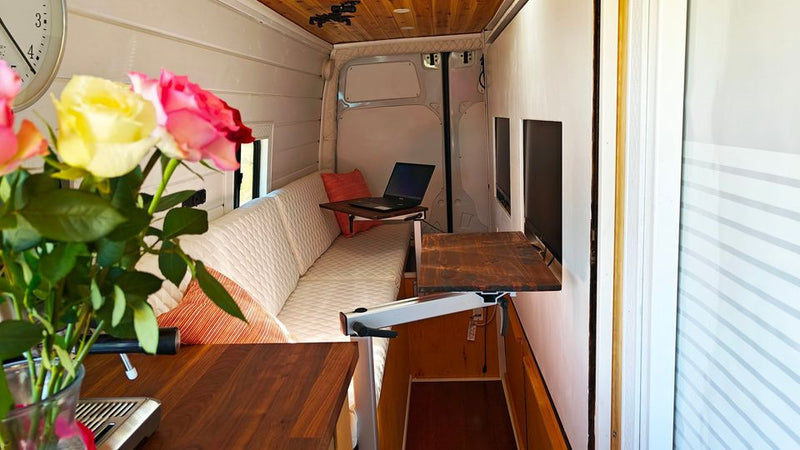  is parked by a lake amidst dry grass and hills under a clear sky.|RV rental: Enjoy van life with this mobile office setup inside — photo 6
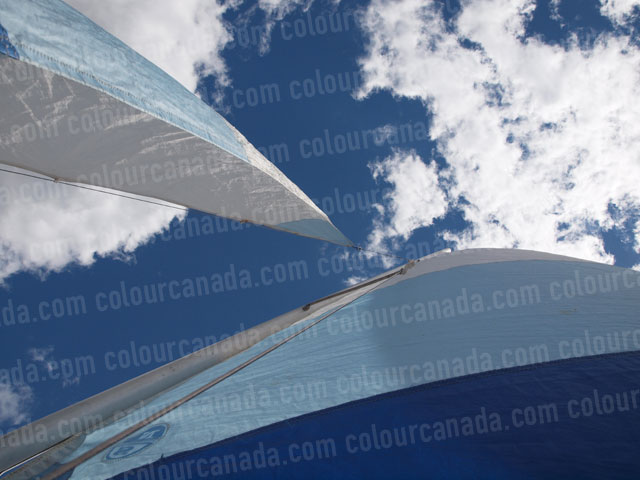 Blue and White Sails Against Sky | Cheap Stock Photo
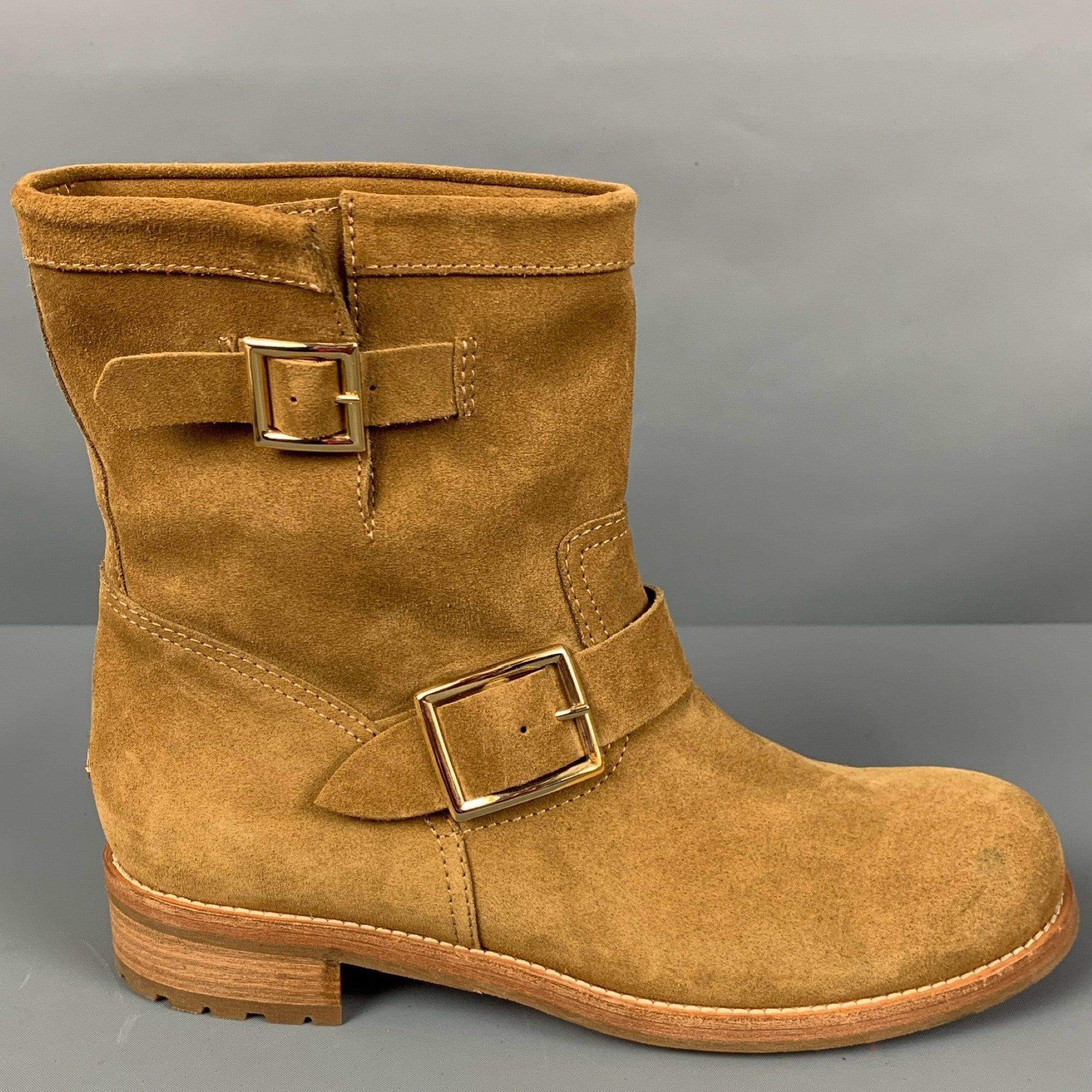 JIMMY CHOO
boots in a camel suede featuring a pull on style, gold tone hardware, and double buckle. Made in Italy.New without Box. 

Marked:   40.5 

Measurements: 
  Length: 10.75 inches Width: 3.75 inches Height: 8.5 inches 
  
  
 
Reference:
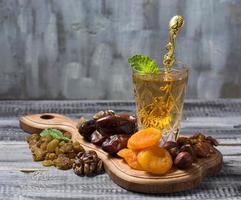 Traditional arabic tea and dry fruits photo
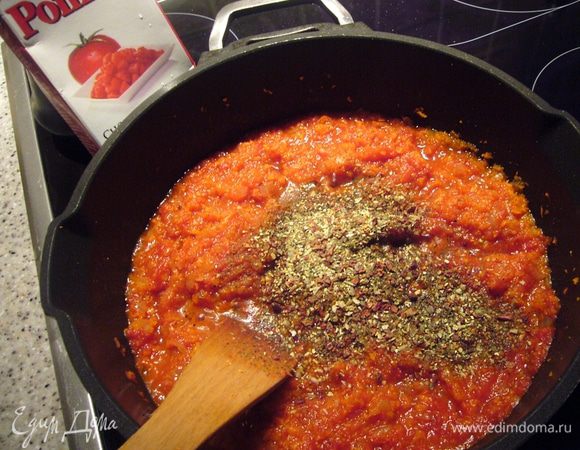 В это время готовим рагу. Лук и морковь мелко режем (я морковь измельчала в блендере). Оливковое масло хорошо прогреваем в глубоком сотейнике, обжариваем на среднем жару лук до прозрачности, добавляем морковь и продолжаем обжаривать 5 мин. Затем выкладываем томаты в собственном соку. 
Сразу добавила приправу "Песто с томатами и базиликом" и солёные перчики чили. Тушим овощи минут 15, потом добавляем горячий бульон и тушим ещё примерно 15-20 мин.  Через указанное время перец чили убираем, вливаем вино и продолжаем прогревать соус на малом жару 10 мин. 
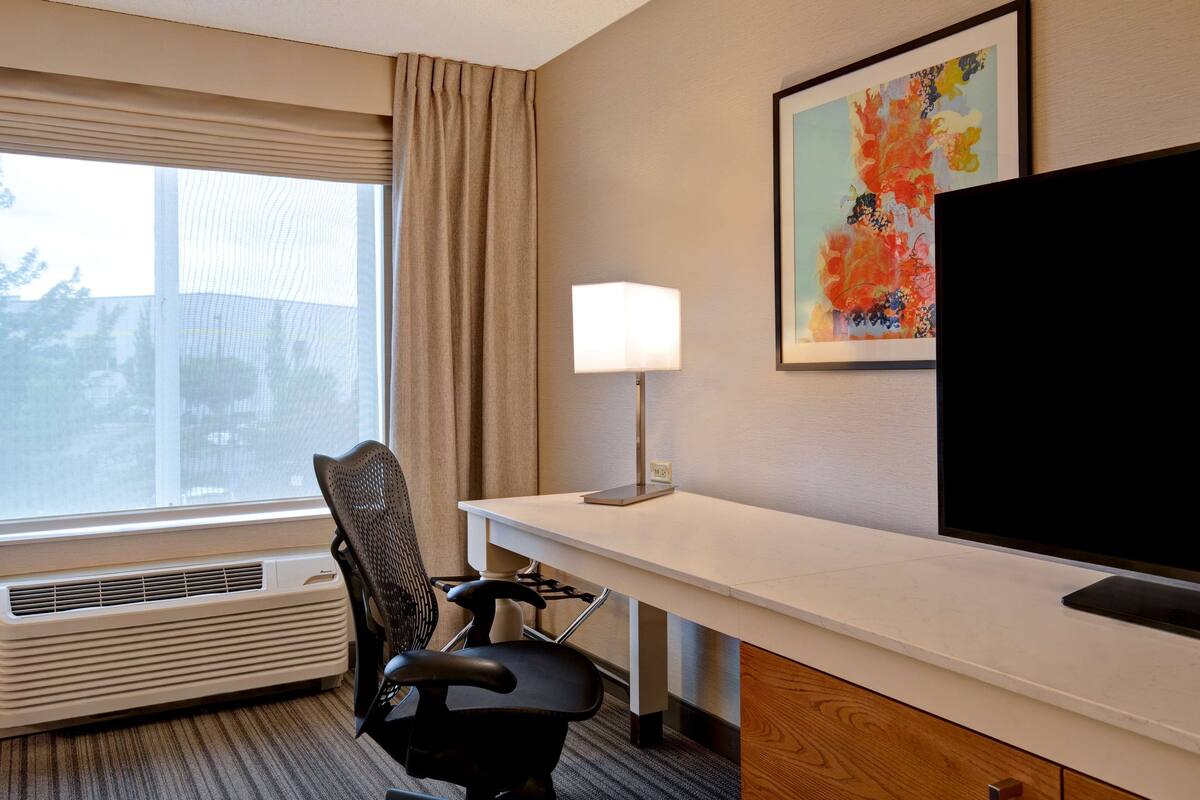 A hotel room with a desk, chair, air conditioning unit, window with curtains, and a large flat-screen TV.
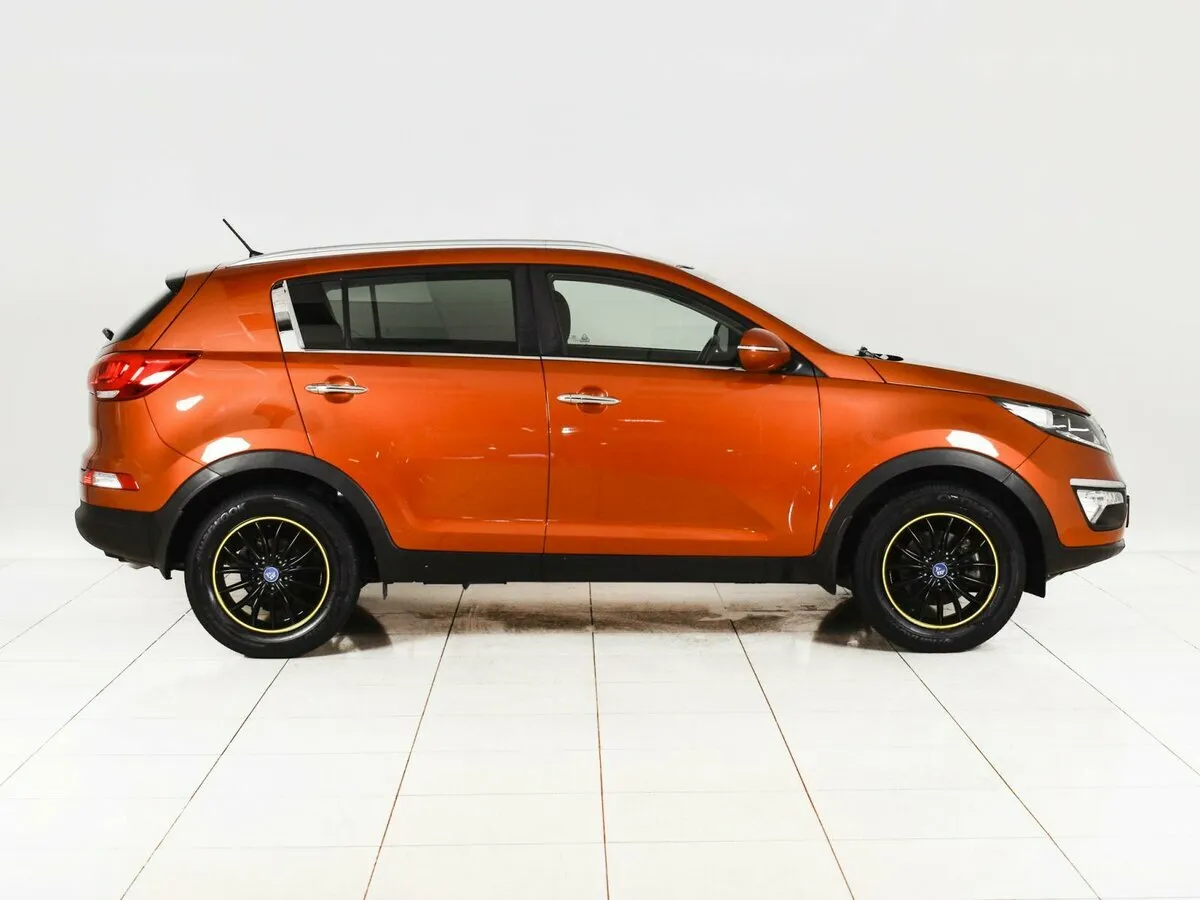 Kia Sportage III Рестайлинг — фото 4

**THE PROBLEM**
Every line from the one containing "Traditional arabic tea and dry fruits photo" through the last line of the records is to be reproduced exactly, with pictures left out and nothing else given.

**RESPONSE TO THE EXERCISE**
 Traditional arabic tea and dry fruits photo
 В это время готовим рагу. Лук и морковь мелко режем (я морковь измельчала в блендере). Оливковое масло хорошо прогреваем в глубоком сотейнике, обжариваем на среднем жару лук до прозрачности, добавляем морковь и продолжаем обжаривать 5 мин. Затем выкладываем томаты в собственном соку. 
Сразу добавила приправу "Песто с томатами и базиликом" и солёные перчики чили. Тушим овощи минут 15, потом добавляем горячий бульон и тушим ещё примерно 15-20 мин.  Через указанное время перец чили убираем, вливаем вино и продолжаем прогревать соус на малом жару 10 мин. 
 A hotel room with a desk, chair, air conditioning unit, window with curtains, and a large flat-screen TV.
 Kia Sportage III Рестайлинг — фото 4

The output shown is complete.